Airlines Feeling the Burn on Fuel
All six major U.S. airlines have now filed their first-quarter earnings releases, and to exactly zero surprise, all six reported sharply higher fuel costs that pummeled their operating costs.
Casual observers of the industry might wonder, “OK, that stinks; but don’t these guys offset price spikes through hedging instruments?”
Users of Calcbench, however, will already know the answer: no, they don’t, and the airlines are likely to suffer with painfully high fuel costs for quite some time.
Figure 1 maps out the average cost per gallon for the six largest U.S. airlines for the last nine quarters.
Figure 2 shows total fuel expense as a percentage of total operating revenue.
The spikes we see for Q1 2026 in both charts are no surprise; average cost of jet fuel per gallon has more than doubled since war began. Figure 2, however, shows us that some firms are feeling that price pressure much more than others. JetBlue ($JBLU) and Alaska Air ($ALK), for example, both have much steeper increases than others such as Southwest ($LUV), American (AAL) and United ($UAL).
Now the airlines will need to offset those fuel cost increases somehow; either through price increases of their own, lower operating income (gasp!), or some combination of both.
Hedging Against Price Increases
In theory, the airlines could avoid fuel cost surprises by purchasing derivatives to hedge against higher costs. Pay a bit more money in hedging instruments quarter after quarter, but pay less money through the nose if fuel costs suddenly spike.
So which airlines actually do that? None of them, apparently.
One can find this information simply by calling up the airlines’ quarterly reports on our Disclosures & Footnotes Query page and then selecting the “Derivatives and Hedging” footnote choice from the pull-down menu on the left side of your screen.
You won’t find much.
For example, JetBlue had this to say in its 2025 Form 10-K, filed on Feb. 26:
The Company has historically aimed to reduce volatility in operating expenses through its fuel hedging program. However, based on higher fuel hedging premium costs over time and other factors, the Company has discontinued its fuel hedging program in 2025 and does not intend to add additional fuel derivatives at this time.
JetBlue hasn’t yet filed its 10-Q for first-quarter 2026, and perhaps it will have something else to say in its new filing. Then again, fuel prices are already up, so any new hedging instruments now will be more expensive.
Southwest reported much the same in its first-quarter 10-Q, filed on April 23:
The Company has historically aimed to reduce volatility in operating expenses through its fuel hedging program. However, based on higher fuel hedging premium costs over time and other factors, the Company discontinued its fuel hedging program and terminated its remaining portfolio of fuel hedging contracts, which were scheduled to settle through 2027, to effectively close its fuel hedging portfolio during 2025. The Company does not intend to add additional fuel derivatives.

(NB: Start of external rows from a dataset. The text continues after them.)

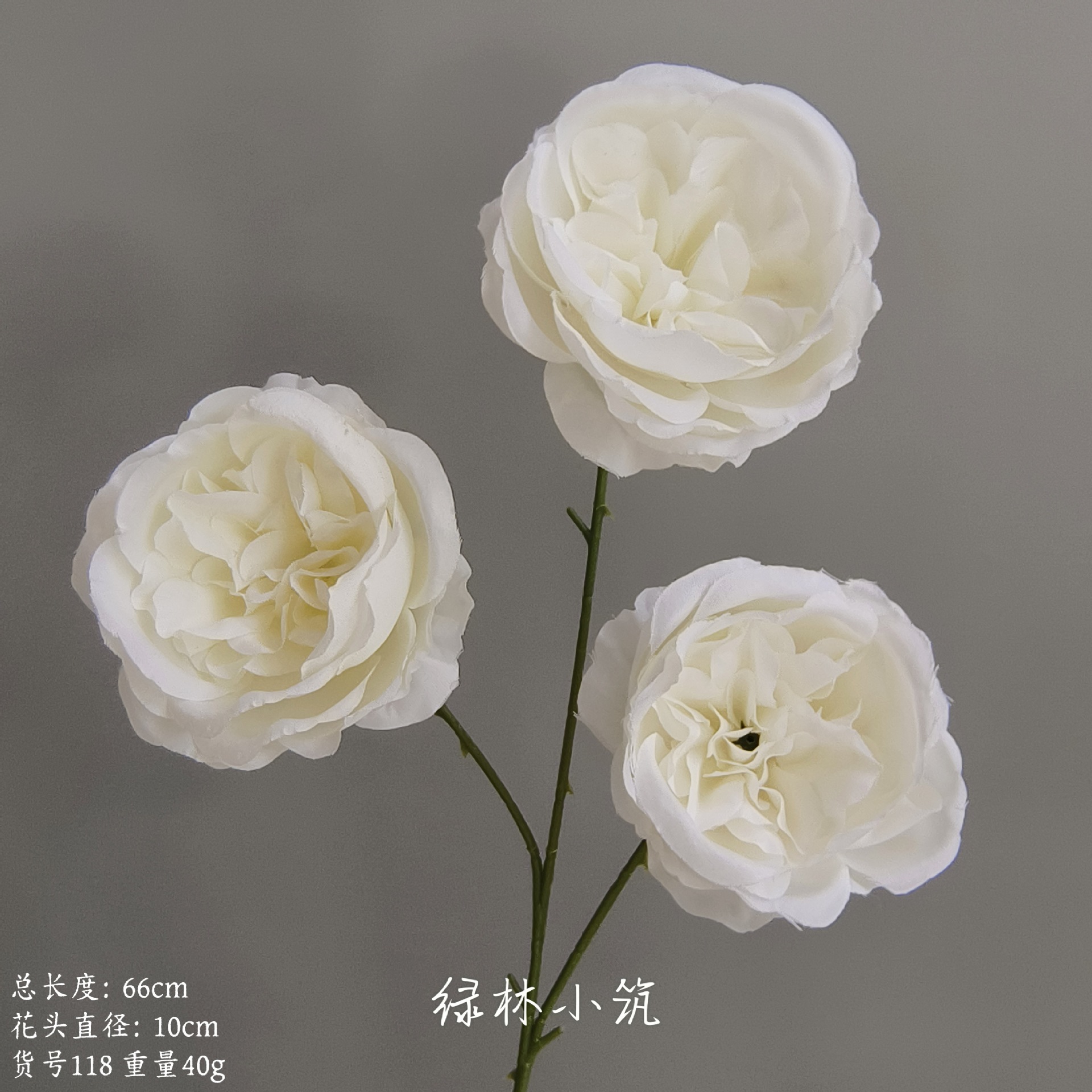머리가 세 개인 오스틴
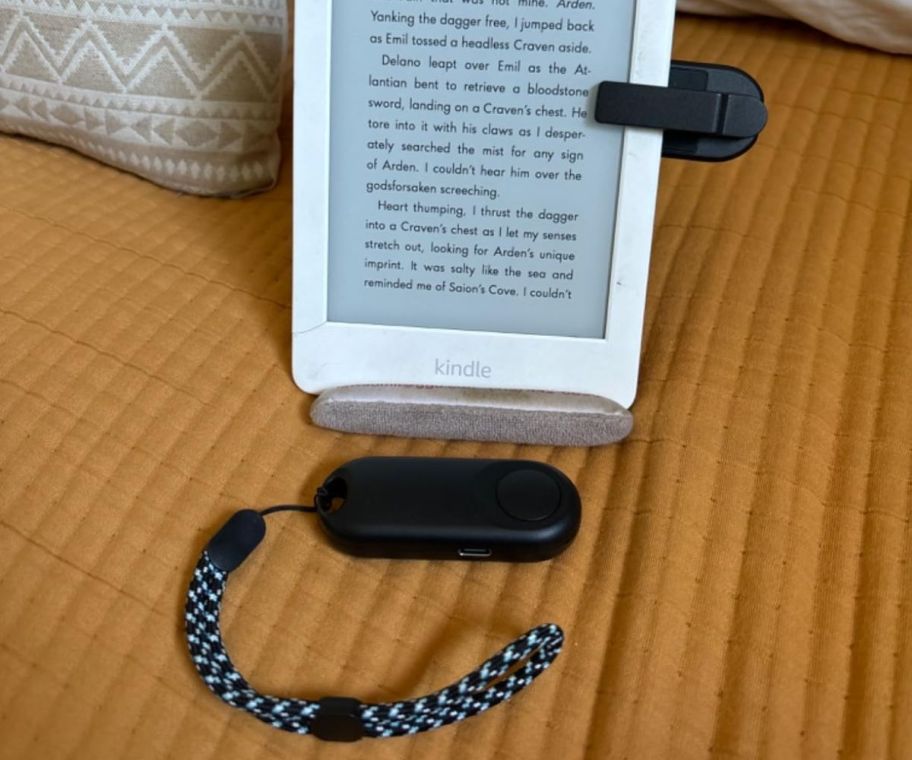 E-Reader Page-Turner with Kindle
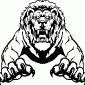 LIONS03
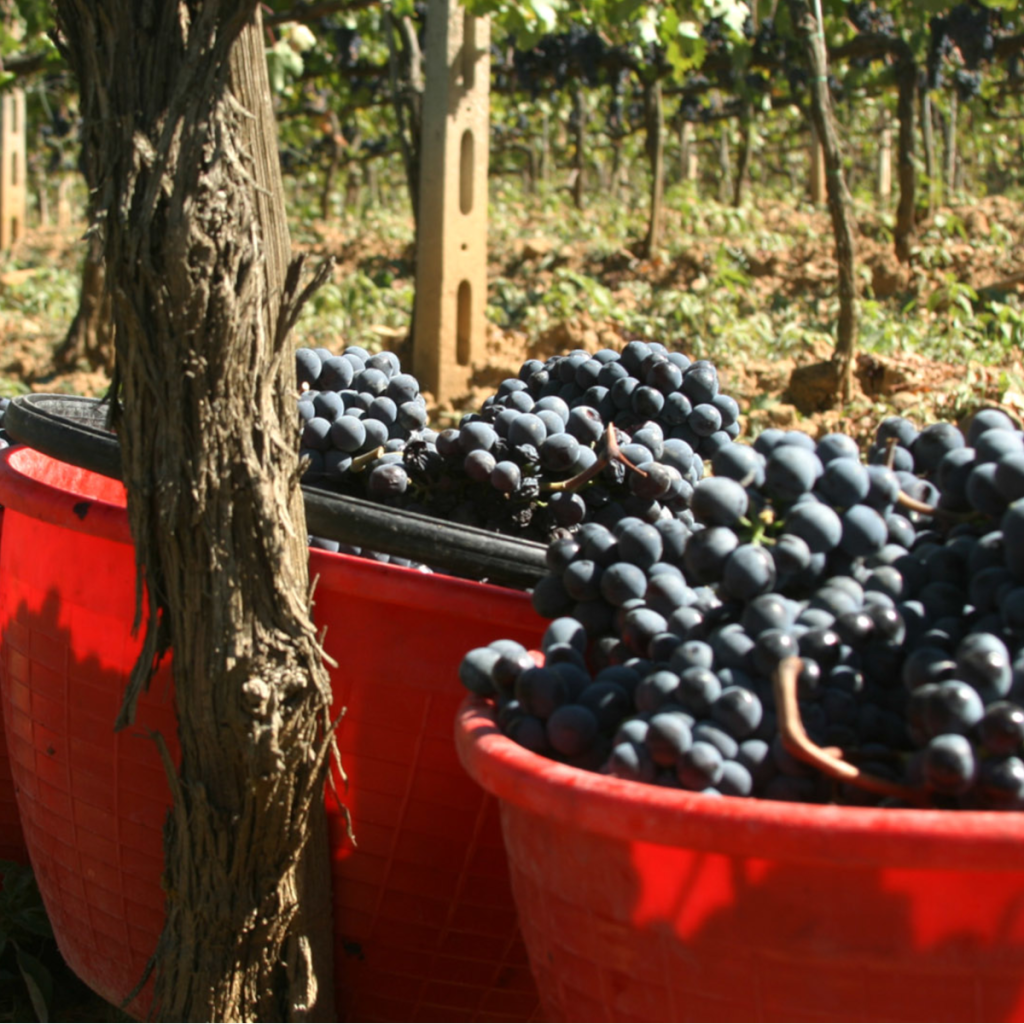 Product image for Uccelliera Brunello Di Montalcino 2020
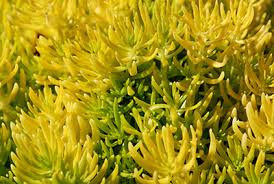 Although it is a very common indoor succulent, the plant is annual and will need replacement after its life cycle. Succulents University Of Florida Institute Of Food And Agricultural Sciences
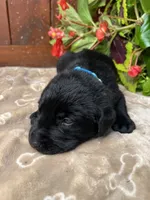 AKC Black Labrador Retriever , a male Labrador Retriever for sale in White Sulphur Springs, WV – 2 of 2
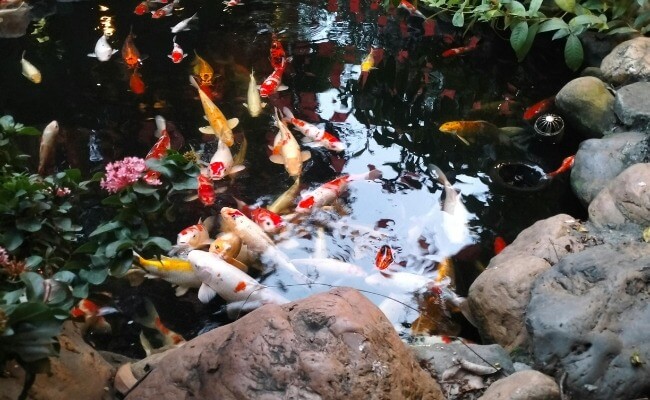 mengatasi kolam ikan koi berbusa dan bau amis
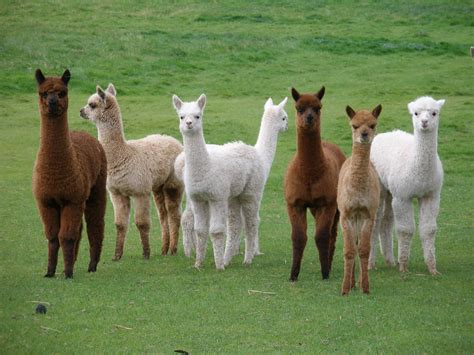 alpacas-so beautiful | Cute alpaca, Llama pictures, Alpaca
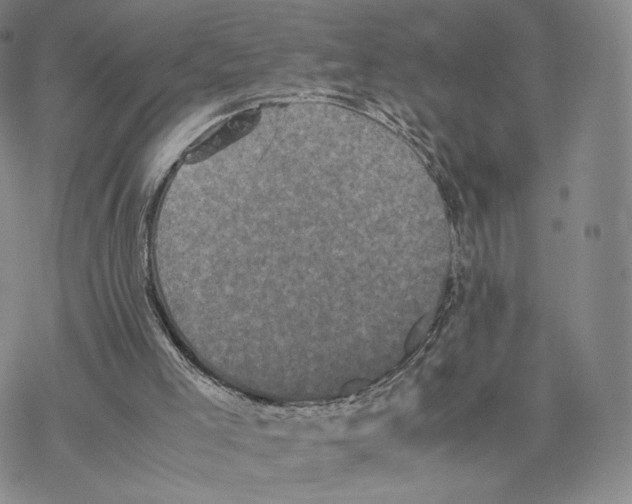 X0000077290005200611171639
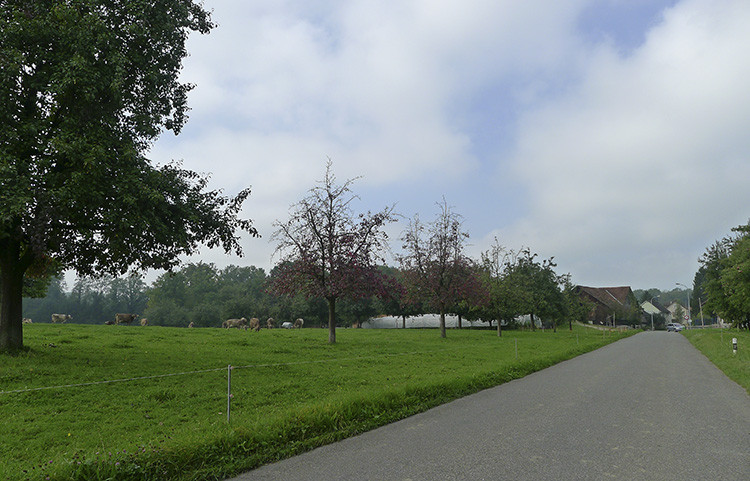 Klicke auf die Grafik für eine vergrößerte Ansicht

Name: WAI_21_Schweiz.jpg
Ansichten: 165
Größe: 133,5 KB
ID: 3355611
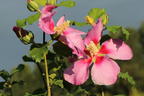 Garteneibisch 'Walberton's Rose Moon' - Hibiscus syriacus 'Walberton's Rose Moon'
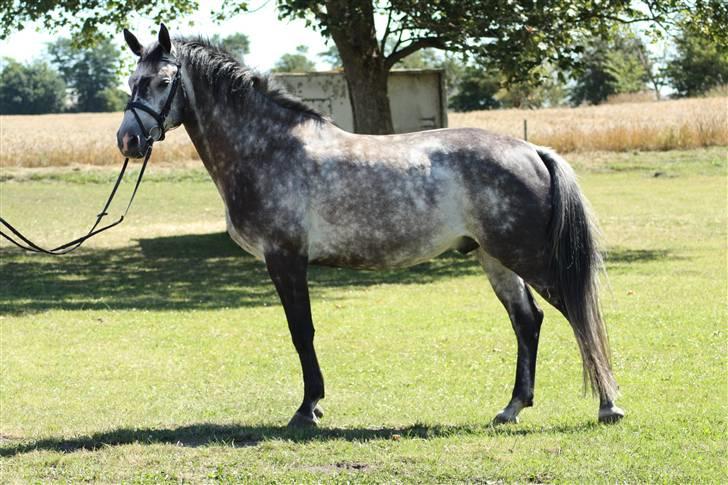 Dansk Varmblod  Skovly´s Herbert billede 19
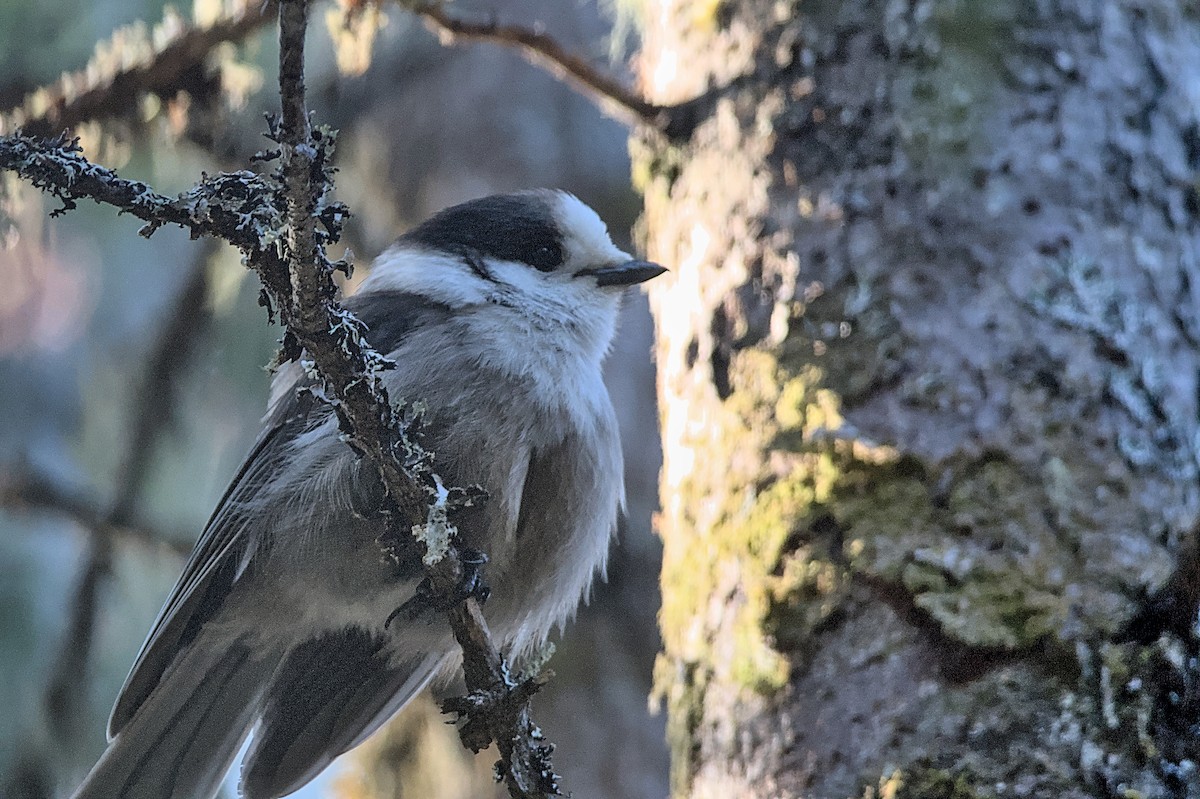 Canada Jay - ML575829311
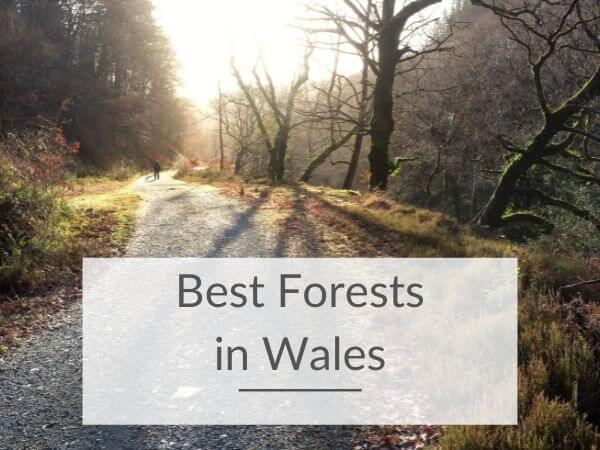 A wooded track with sun beaming through the trees, with text overlay saying best forests in Wales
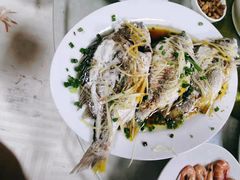 野生黄腊鱼-阳江餐厅·30年老字号·粤菜海鲜大排档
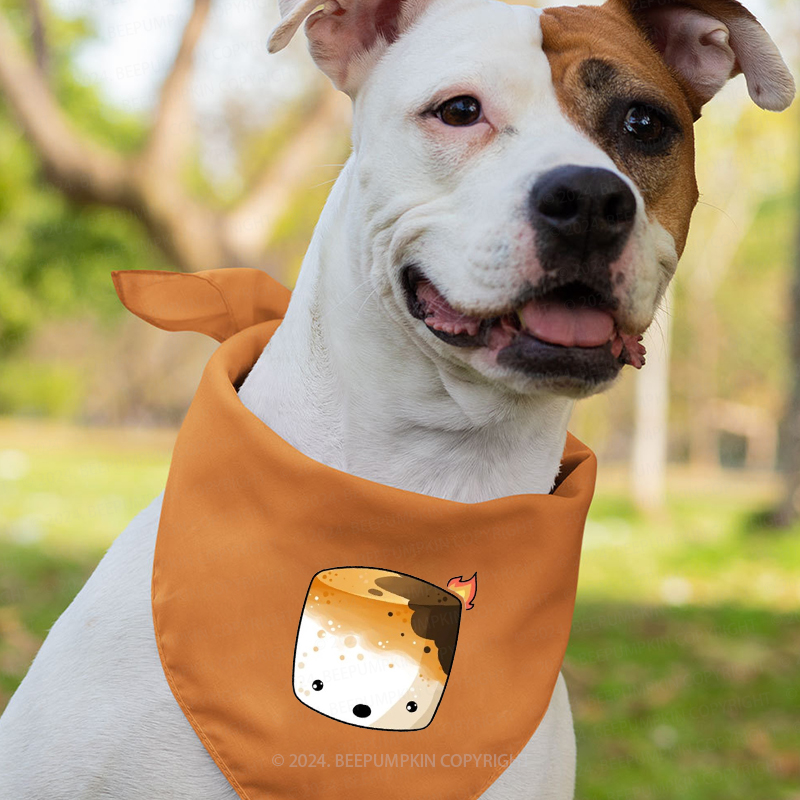 Group S'mores Halloween Family Matching Shirts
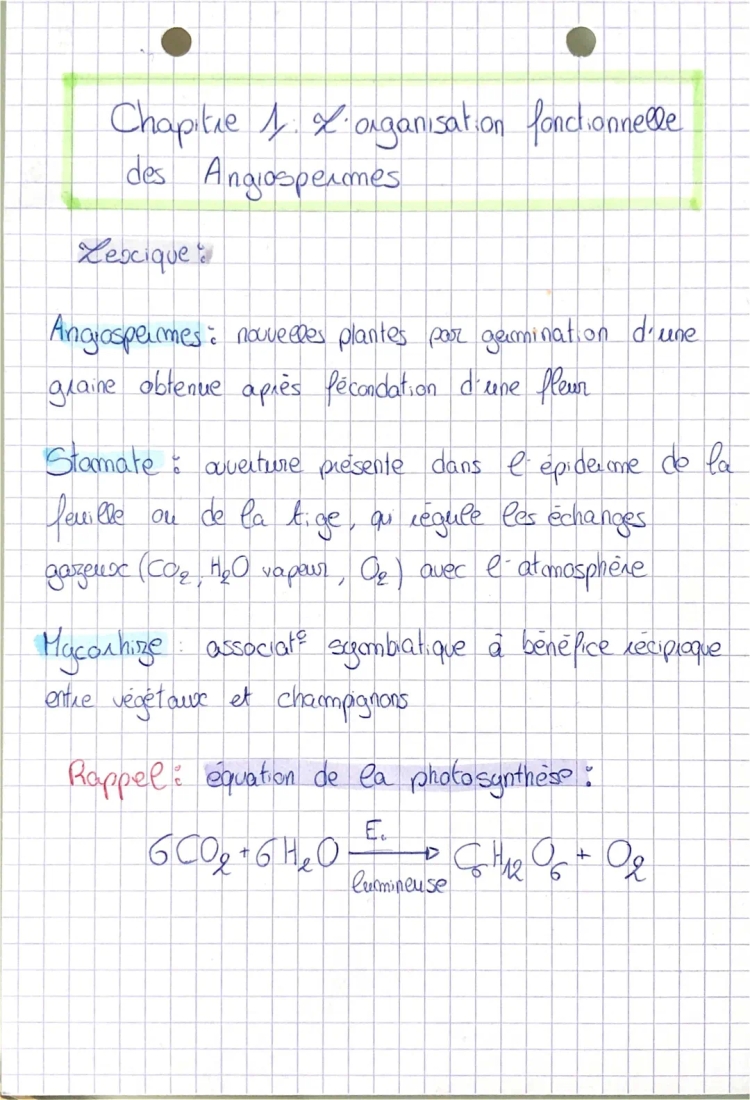 L’organisation fonctionnelle des angiospermes 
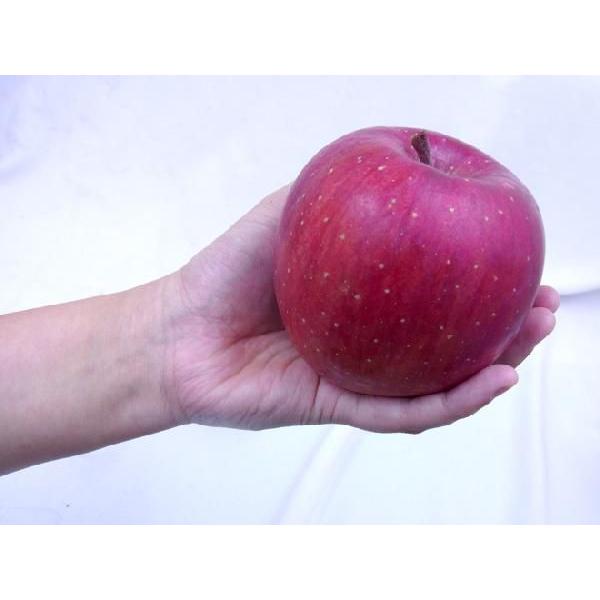 りんご 岩手江刺産 ”蜜入りサンふじ” ちょっと訳あり 24〜36玉 約10kg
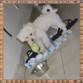 Minmay, 6 meses en Octubre 2012, mas corto el pelo, mas comoda, ojitos hermosos, con su juguete pepe y mis ojotas en su lugar d comidita y bebedero...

Southwest did, however, report the income it received while liquidating those hedges. The value of those hedges had been reported in AOCI (accumulated other comprehensive income) from quarter to quarter; but as Southwest closed out the hedges, those amounts were reclassified from AOCI into expenses or operating revenue on the income statement. See below:
The other airlines don’t even report a derivatives footnote at all, or make any other substantive disclosure about hedging.
So, yeah. Fuel costs are sky high and squeezing the airlines. That’s not likely to change any time soon.